While Ratan Tata’s global expansion has mostly proved successful, in the steel business “they mistimed the cycle but may yet benefit as Europe is beginning to show signs of a solid recovery after six years,” Nikhil Bhatnagar, New York-based senior vice president for Asian equities at Auerbach Grayson & Co., a brokerage specializing in global trading, said by e-mail.

Now, Mistry is looking to sell some of Tata’s U.K. steel plants, retaining the more profitable ones there and elsewhere in Europe. Sale discussions with the Swiss commodities investment firm Klesch Group broke down in August as it blamed Chinese steel exports for “bleeding” the company and industry. Tata Steel’s stake in an iron-ore joint venture in Ivory Coast is for sale, too.

In his first year, Mistry also abandoned Tata’s aggressive push to buy out Orient-Express Hotels, now Belmond Ltd., in which Tata Group owns a stake of about 7 percent. A successful buyout by the group’s Indian Hotels Co. would have added New York’s 21 Club restaurant and the Hotel Cipriani in Venice to its Taj Hotels portfolio, which includes the Pierre in New York, but further burdened the balance sheet. Instead, the hotel unit in March wrote down 3.73 billion rupees, mostly on the Belmond stake, which it may sell.

Motor Restructuring

At Tata Motors, things have been better. Although luxury brands Jaguar and Land Rover turned loss-making after the 2008 crisis, the company hired consultants to help cut costs and increase research. The restructuring efforts, coupled with surging China sales, helped grow Tata Motors’ revenues more than seven-fold between 2008 and 2015. The cooling Chinese economy and a demand slump in India are now forcing Jaguar Land Rover to look for growth in the U.S. and western Europe.

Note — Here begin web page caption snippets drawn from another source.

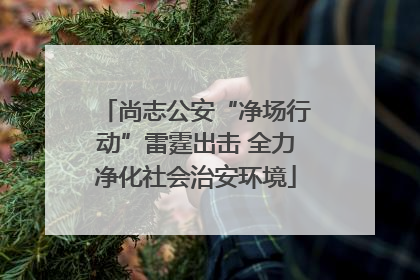 尚志公安“净场行动”雷霆出击 全力净化社会治安环境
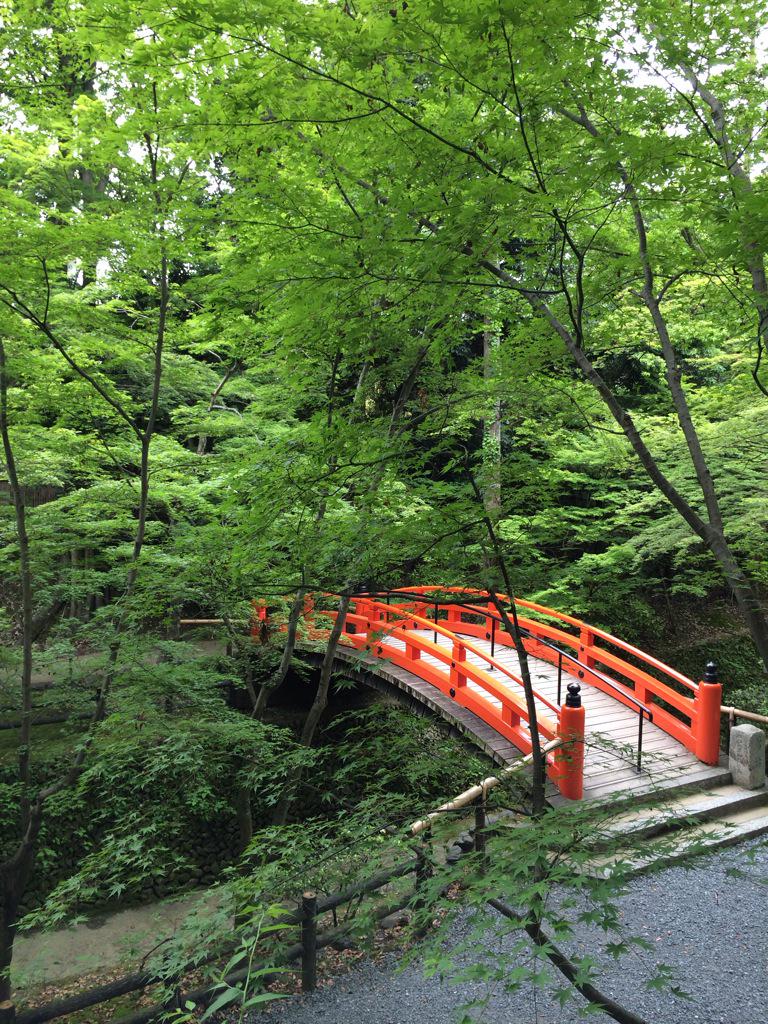 assam_h's tweet image. 北野天満宮のお土居と青もみじきれいだった♪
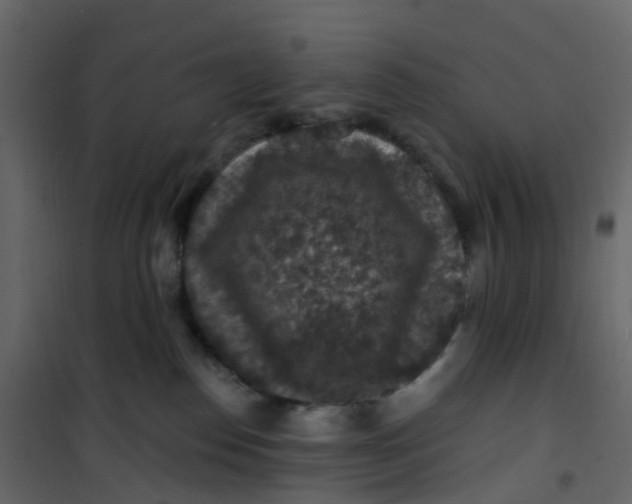 X0000101090186200807171857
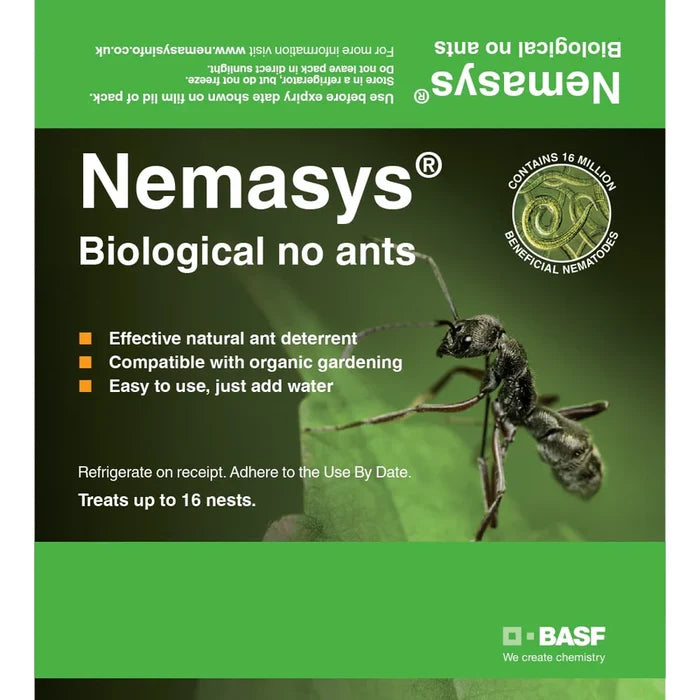 Nemasys Natural No Ants Nematodes (Steinernema feltiae) front packet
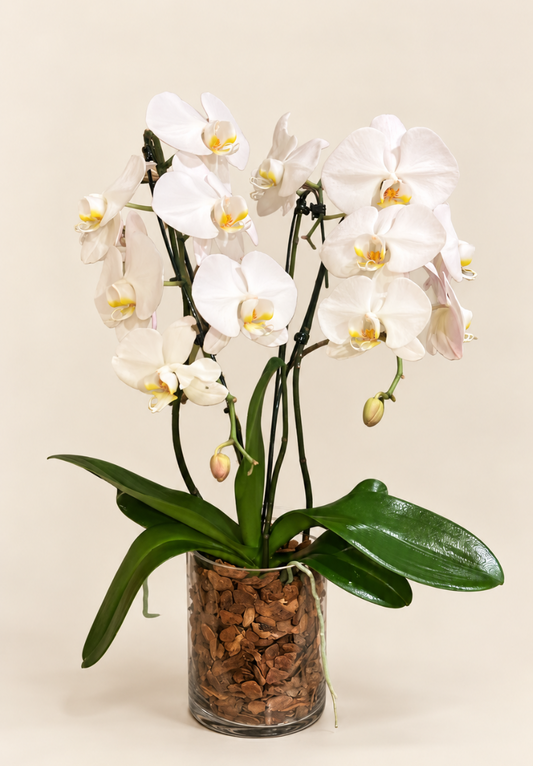 Orquídea branca de duas hastes em vaso de vidro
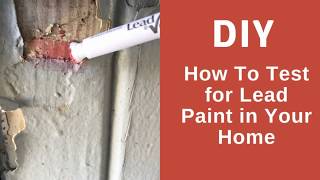 Test for Lead Paint with the DLead Paint Test Kit [upl. by Hoye]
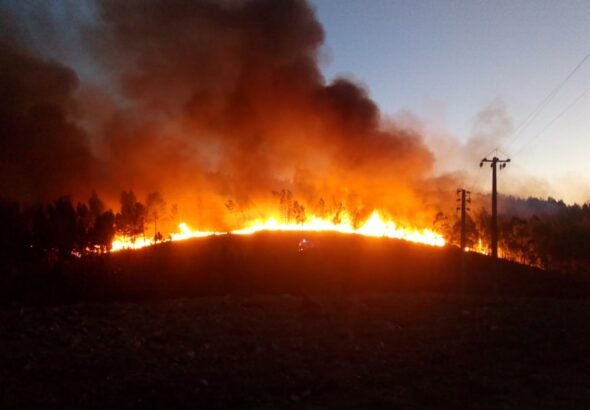 wildfires-are-torching-state-budgets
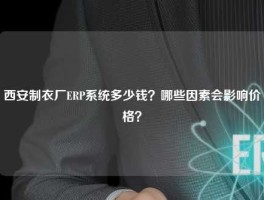 西安制衣厂ERP系统多少钱？哪些因素会影响价格？
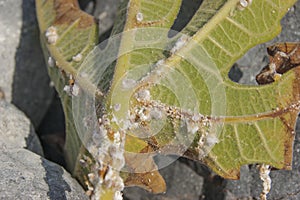 leaf figs parasites infected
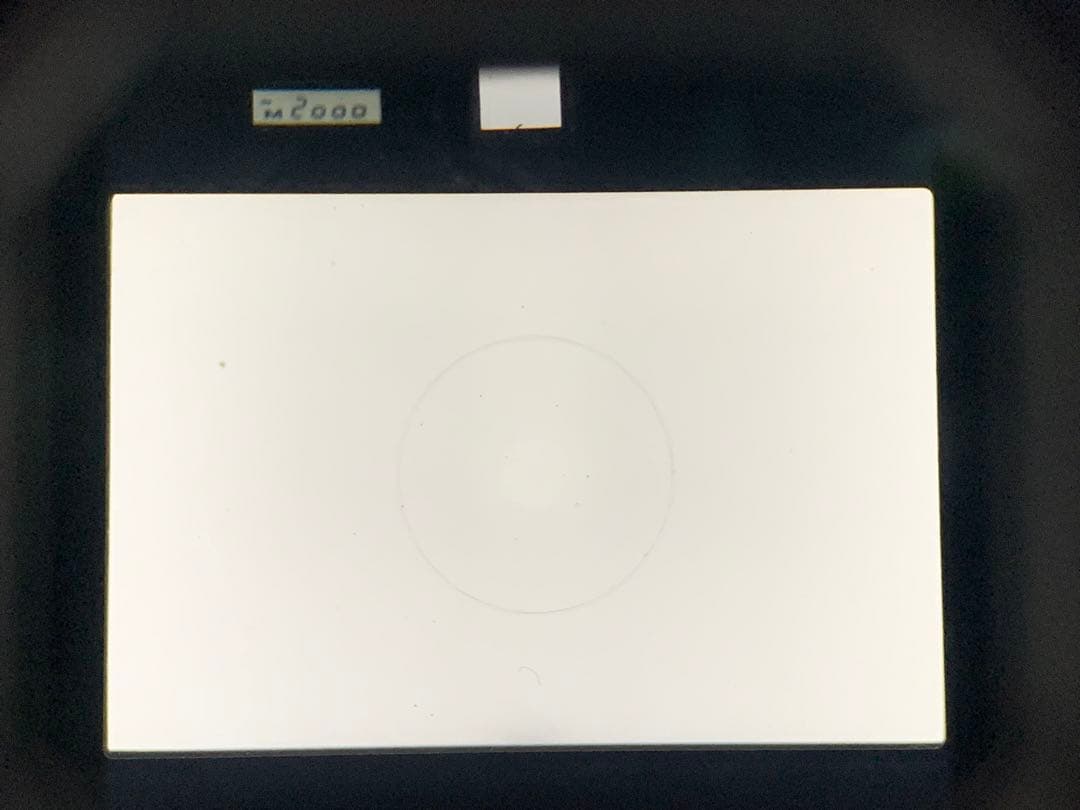 フィルムカメラ NIKON F3P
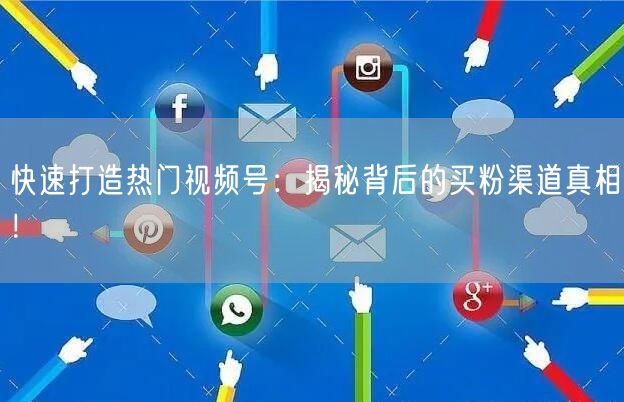 快速打造热门视频号：揭秘背后的买粉渠道真相！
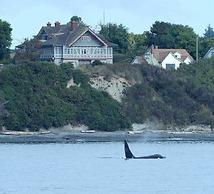 Dashwood Manor Seaside Bed & Breakfast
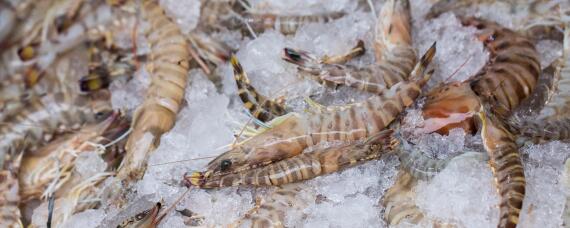 虾的生长环境（虾的生长环境干净吗）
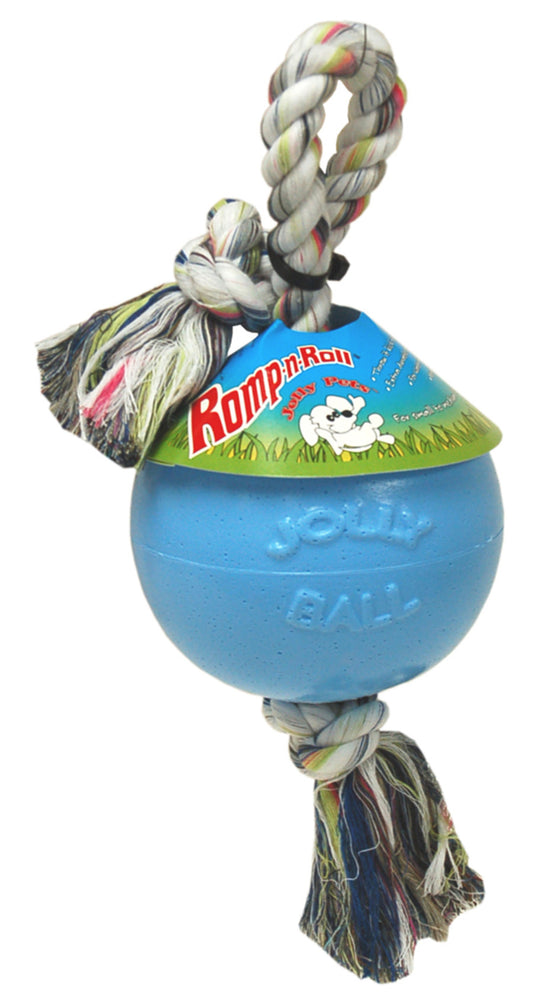 Blueberry, 1ea/MD, 6 in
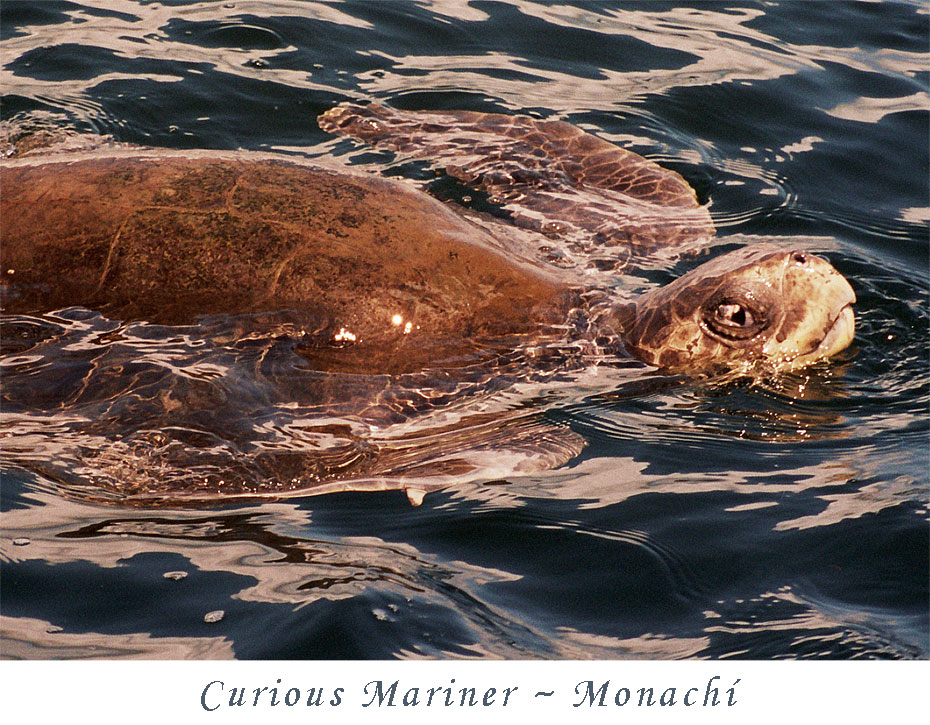 curious-mariner-monachi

Mistry began closely managing the automaker himself after its Managing Director Karl Slym died in January 2014. A civil engineering graduate of Imperial College in London, Mistry supervises even small details of design, such as the fit and finish on new car models, according to two senior Tata Motors executives who asked not to be identified citing company policy.

Chastised Executives

Interviews with executives show Mistry to be a low-profile, private man who expects his executives to be prepared for uncertainty. He chastised Tata Steel senior executives for not having a back-up plan when a government order closed one of its biggest iron-ore mines, despite witnessing similar curbs in two other states, according to a senior company executive who asked not to be identified, as he’s not authorized to speak publicly. Mistry had similarly questioned why the steelmaker’s imports weren’t fully hedged in 2013 when the rupee plunged the most against the U.S. dollar in two decades, the person said.

As part of Vision 2025, Mistry’s plan also includes growing Tata’s three infrastructure firms -- Tata Housing Development Co., Tata Projects Ltd. and Tata Realty and Infrastructure Ltd. The three firms are aiming to increase orders to 700 billion rupees by 2019, a tripling over five years.

New investments in more capacity include a steel mill in eastern India commissioned under Ratan Tata at cost of $7 billion, and new car plants in China, Brazil and Slovakia.

Mistry’s next act will be new businesses with technology at the core. In a meeting with Tata executives in July, Mistry announced the group’s entry into analyzing consumer big data, digital health and e-commerce, according to a company statement.

“A big area of focus is science- and technology-driven innovation, so that growth is not dependent on acquisitions alone,” said Harvard Business School’s Palepu. “Innovation is a slow, internal process, also less splashy but extremely important for a conglomerate if it has to go to the next level of excellence.”